For a long time, women were taught to "act like men" to get ahead at work, donning shoulder pads and boxy suits, acting out qualities such as authority, decisiveness. But a new breed of women is upending those rules, embracing empathy and collaboration

By Jessica Bennett
Published: Jun 17, 2019

What makes a leader? Susan Zirinsky, the head of CBS News, in New York, June 13, 2019. Zirinsky has applied her trademark work ethic to helping her organization adjust its course. “The company needed a major reset,” she said. “I wanted to take the organization functionally and spiritually to a better place.” (Jeenah Moon/The New York Times)

“You’re too accessible.”

That is what Susan Zirinsky, the new head of CBS News, was told early in her career — because she was seemingly everywhere at once.
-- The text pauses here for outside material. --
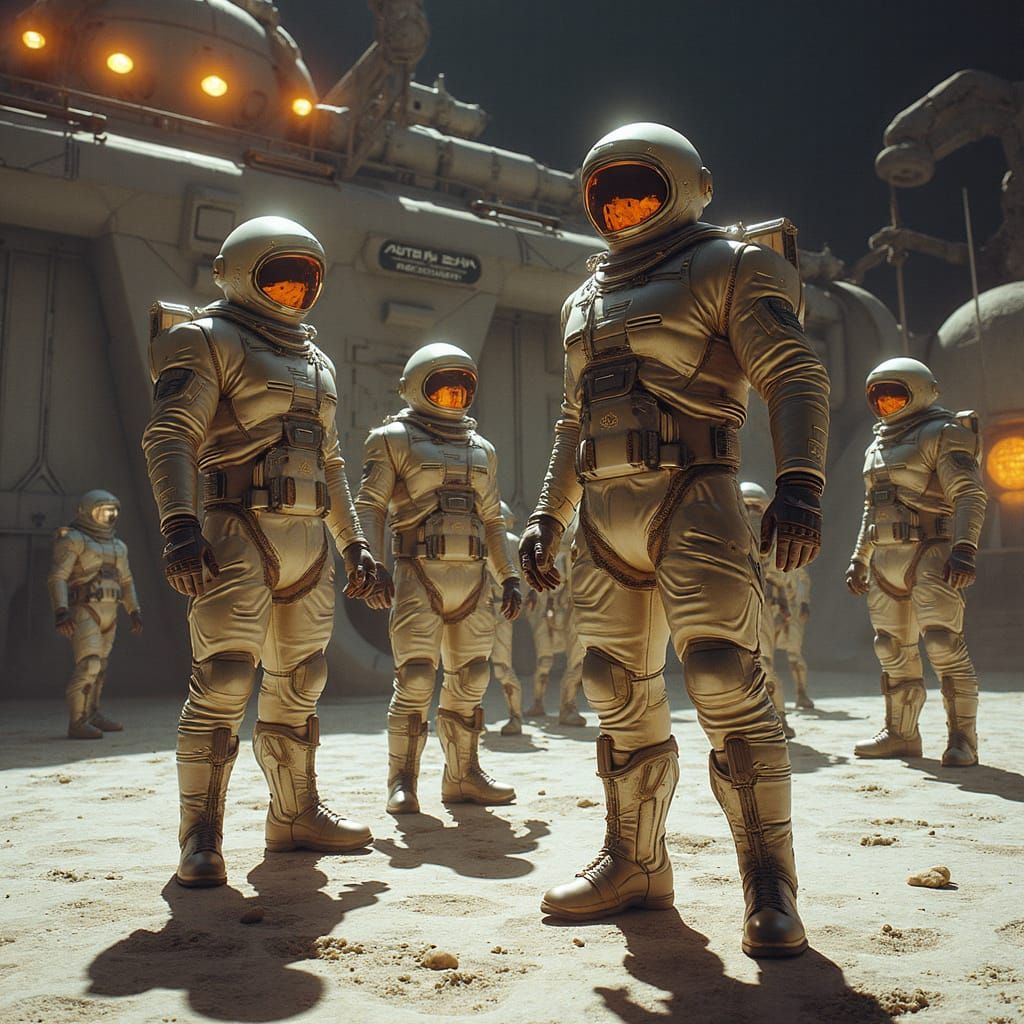 Sleek Space Age Futurism on Moonbase Alpha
It was during that era that she agreed to meet with a young woman named Hannah Yang, who was on the verge of quitting what she had thought would be her dream job — working for Charlie Rose. She was troubled by the workplace environment and had decided to leave, but was convinced her career in journalism would be over.
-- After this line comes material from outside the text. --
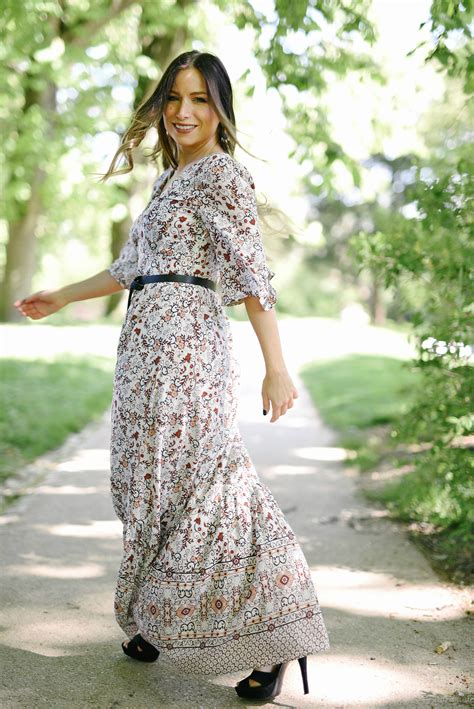 Volant en bas de robe. The perfect long dress | My Blog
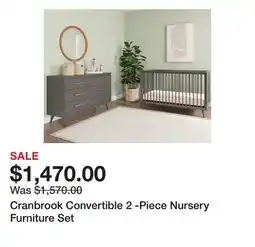 Wayfair Cranbrook Convertible 2 -Piece Nursery Furniture Set offer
Yang had only briefly met Zirinsky, then executive producer at “48 Hours,” but decided to ask for a meeting. She expected Zirinsky to say no. Instead, Zirinsky ended up giving her the most valuable advice of her career: to pursue the business side of media.
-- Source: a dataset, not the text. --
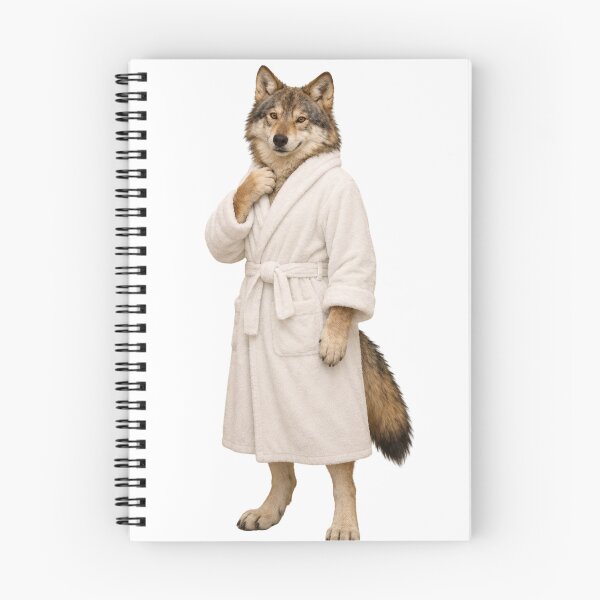 Item preview, Mexican Gray Wolf Fluffy Bathrobe designed and sold by Sillytoe.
Eighteen years later, Zirinsky — known to many as “Z” — is president of CBS News, brought in to run the news division following a massive company crisis over sexual misconduct that included the firing of the company’s chief executive, Les Moonves, and Rose. She is the first woman to hold that job. Yang is a business executive at The New York Times, who said she now makes a point of making herself accessible, too.

“It is because she was so accessible that I — a nobody at the time, really — was able to get this critical advice from her,” Yang said of Zirinsky, who appeared onstage to talk about gender and leadership at The Times’ New Rules Summit last week. Yang recently reached out to Zirinsky after nearly two decades to thank her. She said Zirinsky replied immediately.

For a long time, women were taught to “act like men” to get ahead at work. They donned shoulder pads and boxy suits, played by the rules, and acted out qualities that seemed to make for successful leaders — authority, decisiveness, not being “too accessible.”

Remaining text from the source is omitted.